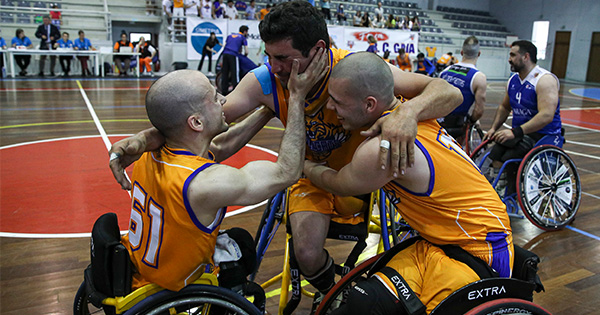 BC Gaia campeão nacional de basquetebol em cadeira de rodas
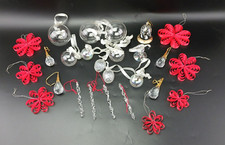 Christbaumschmuck Glas Weihnachtsbaumschmuck Transparent 19x Konvolut, Eiszapfen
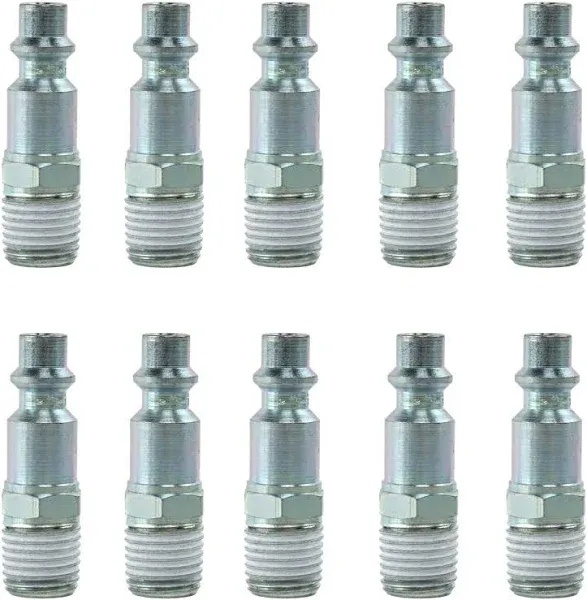 Prevost IRP 066251 (10 Pack) 1/4 Male NPT Steel Industrial Interchange Plug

◆ **Activity**
Each line above should be output exactly, apart from the pictures.

◆ **Task response**
 BC Gaia campeão nacional de basquetebol em cadeira de rodas
 Christbaumschmuck Glas Weihnachtsbaumschmuck Transparent 19x Konvolut, Eiszapfen
 Prevost IRP 066251 (10 Pack) 1/4 Male NPT Steel Industrial Interchange Plug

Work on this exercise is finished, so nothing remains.